Autre curiosité : Georges Rouault, peintre méconnu en France (ce n'est pas qu'une figure de style, et de ce point de vue, la visibilité de cette expo souffrira sans doute de celle, massive, de Picasso au Grand Palais) est une immense star au Japon, qui abrite plusieurs musées spécialement dédiés à son oeuvre, dont celui du groupe pétrolier Idemitsu. L'un des enjeux de ce parcours consiste à comprendre les raisons de cette fascination orientale pour le peintre catholique français, a priori éloigné du patrimoine esthétique nippon.
La composition très graphique des tableaux de Rouault évoque d'abord la calligraphie, l'art de la belle écriture et de l'agencement des traits. L'important n'est pas ce que les lignes représentent, mais leur agencement sur la toile, le parcours qu'elles proposent à l'oeil, et finalement la méditation à laquelle elles invitent. C'est justement ce caractère méditatif de l'oeuvre qui fascine : les toiles de Rouault sont d'abord comme des supports de méditation et de contemplation. Et tandis que la critique artistique occidentale privilégie soit le rapport strictement esthétique à l'oeuvre, soit une vision intellectuelle ou iconographique (la tableau est un symbole de... il fait référence à... il raconte que...), l'amateur d'art japonais s'y plonge comme s'il contemplait une calligraphie, ou un rouleau d'ukiyo-e. Ce n'est pas dans l'apparence extérieure que réside l'intérêt de l'oeuvre, mais dans le voyage intérieur et le retour sur soi que l'oeuvre permet.
Cette dualité du rapport à l'oeuvre d'art est un élément absolument capital, que cette exposition rappelle à juste titre, et qu'on retrouve aussi dans l'évolution historique du rapport au texte écrit et à la lecture. L'époque contemporaine, essentiellement préoccupée de la dimension technique ou littéraire des textes, conçus comme des objets à manipuler, a oublié les pratiques médiévales de lecture, tournées vers le questionnement éthique. Dans son superbe livre sur les "Bilbiothèques Intérieures", Brian Stock a montré l'importance des pratiques méditatives de lecture et d’écriture pour la constitution du « moi ». Toute une tradition née d'Augustin considère le texte d'abord comme le support d'une méditation, l'occasion d'adopter une posture particulière (recueillement, silence).

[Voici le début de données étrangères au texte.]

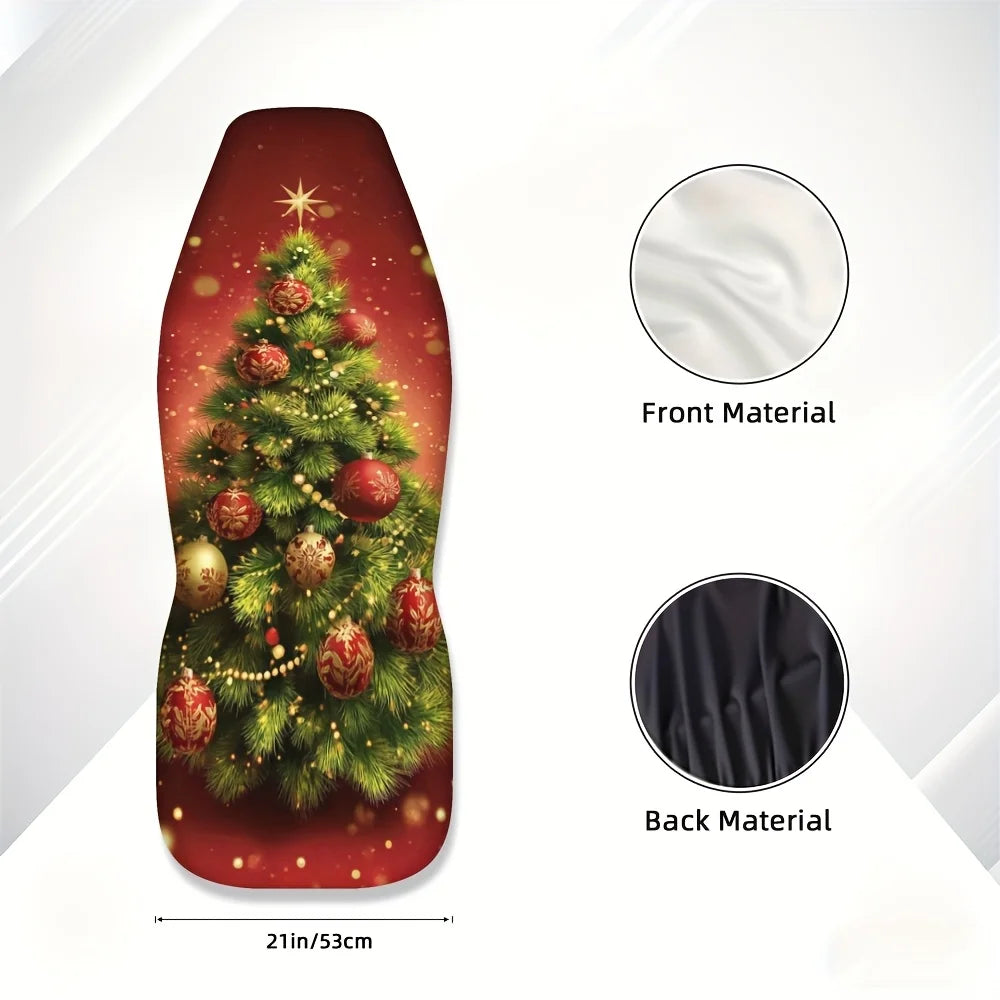 Christmas Tree Car Seat Covers – Universal Front Seat Fit Car Seat Cover HIP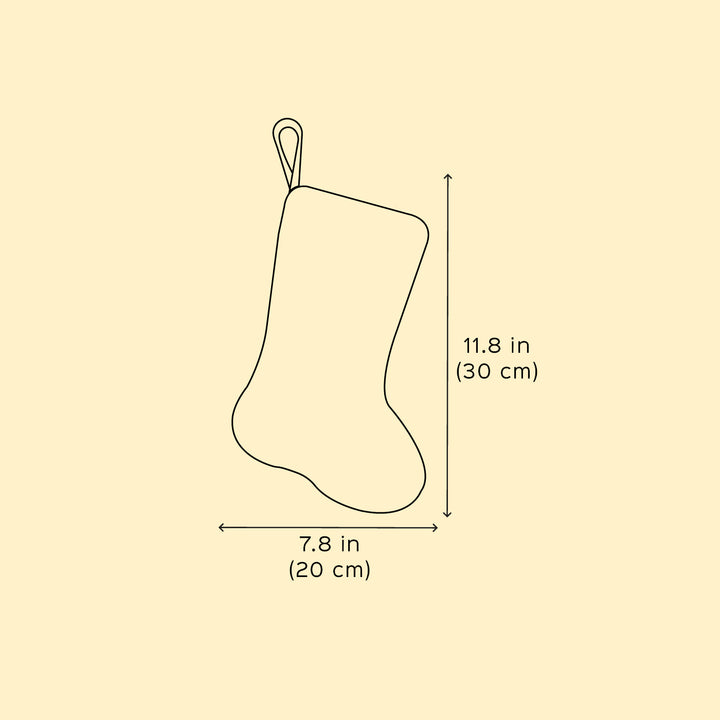 Personalized Reindeer Theme Felt Stocking For Christmas Decoration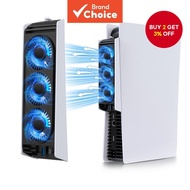 IINE FOR PS5 Temperature-Controlled Cooling Fan Upgraded Cooler Fan with USB3.0 Hubs Compatible with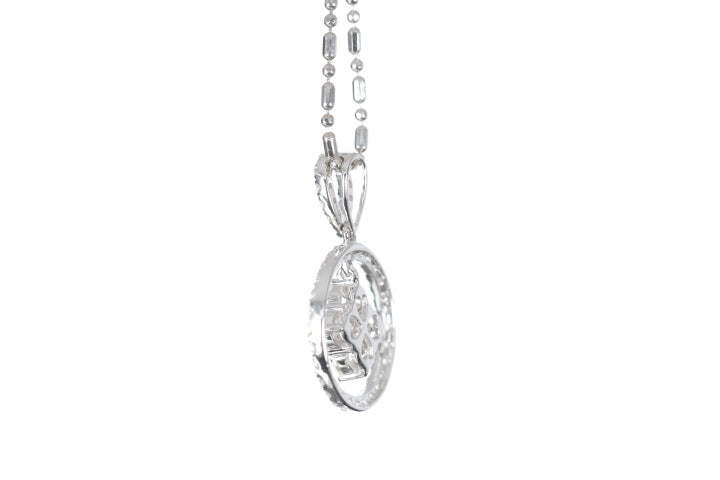 Diamond Dangle Halo Pendant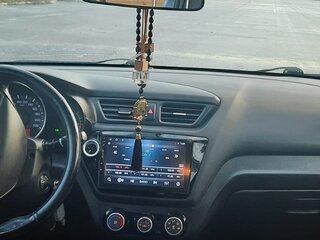 2015 Kia Rio III Рестайлинг, голубой, 1200000 рублей, вид 4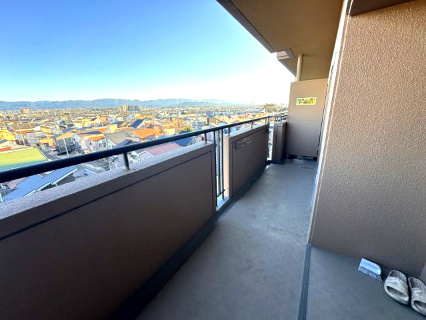 朝日プラザシティ・サザンパーク二番街のバルコニー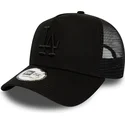 lippikset-kaareva-rekka-musta-snapback-league-essential-a-frame-los-angeles-dodgers-mlb-new-era
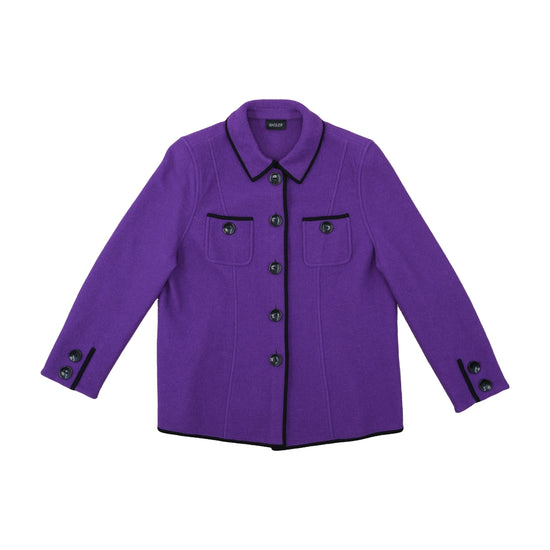 Basler Fitted Wool Jacket Vivid Purple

L'important n'est pas d'apprendre, d'être diverti ou surpris, mais de ruminer le texte.
C'est une si belle exposition que je dirai un autre jour ma désolation devant le piètre agencement de l'espace et de la déambulation, qui semble devenir une habitude, bien qu'elle ne semble pas dûe à l'espace, qui est de belle taille. Georges Rouault, 70 tableaux de la collection Idemitsu, à la Pinacothèque de Paris, jusqu’au 18 janvier.